As a young man, B.B. King called Indianola, Mississippi home. On Front Street, in the heart of the town, he played his guitar in door frames and on the streets, honing his craft for what would become one of the most celebrated musical careers in history. It was for this reason that Indianola constructed a striking 20,000 square foot, $14 million tribute to the revered bluesman; the B.B. King Museum and Delta Interpretive Center. The B.B. King museum may claim the distinctive honor of being the largest and most grand museum dedicated to a single living musician in the world, and for a man that is lovingly known across the planet as the King and Ambassador of the Blues, it is more than fitting.
The museum purchased a 1920s brick cotton gin building that B.B. himself worked in as a young man, and created a striking modern building around it, made from finished wood and brushed steel. It opened it’s doors in 2008, with a grand ceremony attended by Mr. King and many members of his family.

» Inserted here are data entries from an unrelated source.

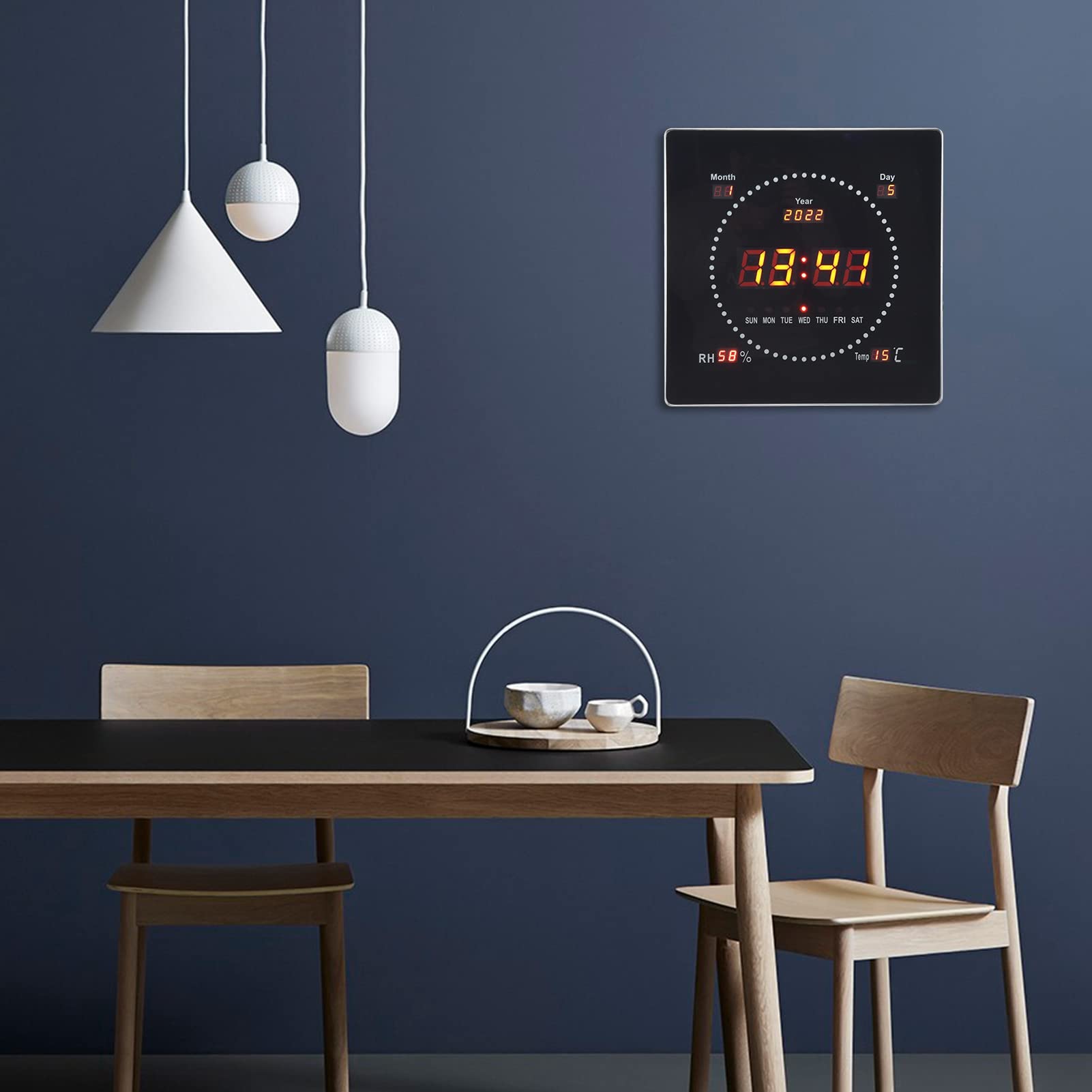Topiky Große Digitale LED Wanduhr, Batteriebetriebene Digitale Tischuhr, Große Ziffern, Wöchentliche Temperatur, Kalenderwecker für das Büro Im Schlafzimmer von älteren Menschen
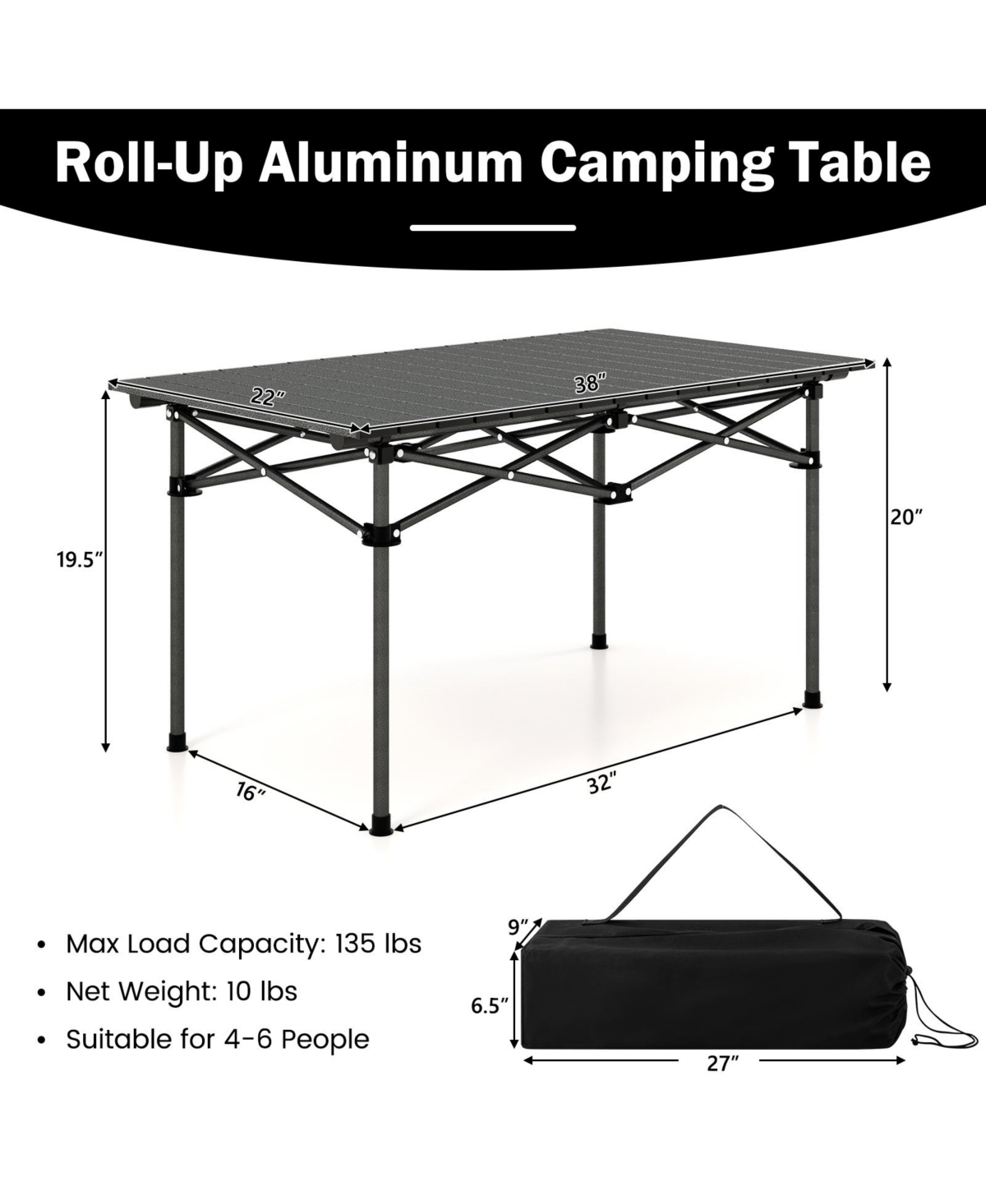 Sugift Aluminum Camping Table for 4-6 People with Carry Bag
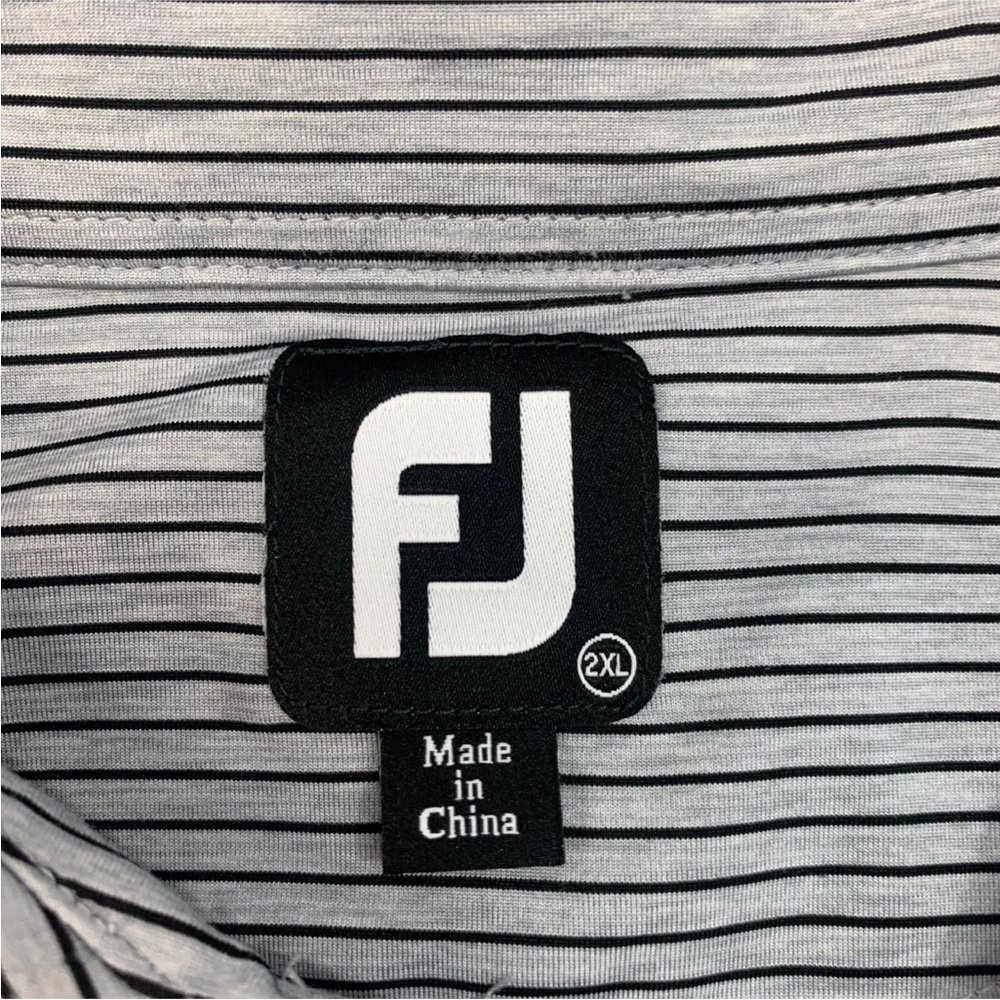 FootJoy Men’s Striped Golf Polo Shirt – Size XXL - Grey and Black - Picture 4 of 6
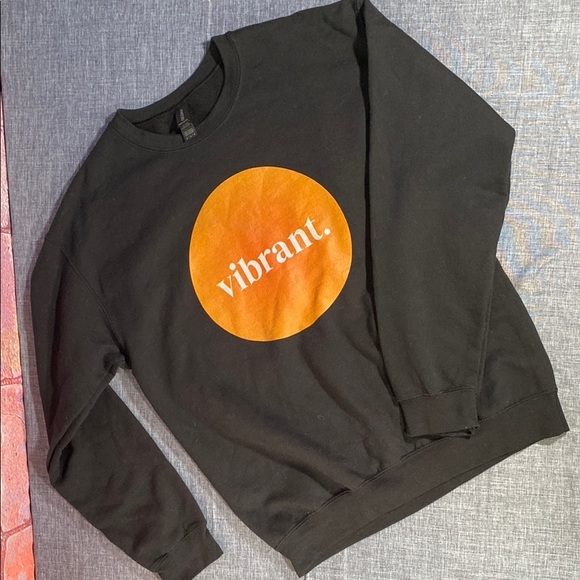 Gildan Black Heavy Blend Sweatshirt “Vibrant.” Graphic Crewneck Pullover M - Picture 5 of 7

Inside the museum, the first stop is to watch a short movie that both takes the viewer to a recent show of King’s, and on his tour bus, where he drives to a forgotten piece of Mississippi Delta farmland, as per the audio instructions recorded by his father, that he believes to be the place of his birth. “I would give anything to have a picture of my mother,” laments King. Inside the museum lies a vast, intricate and interesting set of displays that seamlessly mesh with one another. The exhibits eloquently tie with both the timeline of King’s long and accomplished life, and with the changing greater world around him. Early sets display tools, pictures, and artifacts from life in the Mississippi delta during the 1920s and 30s, portraying the brutal conditions worked by sharecroppers as they picked cotton from “kin ’til kint”, as B.B. says. In other words, from the time they “kin” see the sunrise to the time they “kint” see the sun any more. Life in the delta was hard, but Saturdays were a time of freedom from the work, a time where the people congregated in the streets and in dance halls, house parties and Juke Joints. A picture of the famous Po Monkey’s Juke Joint in Merigold, Mississippi is plastered across an entire display wall. Pictures of a crowded Front Street in Indianola, a street just a few blocks away from the state-of-the-art museum, are framed on the walls with stories of how B.B. would play on the streets those Saturday nights, honing his craft. Interesting pieces of history are on display from Beale Street in the 1940s — when King broke the smokestack of his employer’s tractor and, fearing what the man might do, fled to Memphis to carve out a living making music on Beale Street. In true Riley King style, he came back later to pay for the damage to the tractor.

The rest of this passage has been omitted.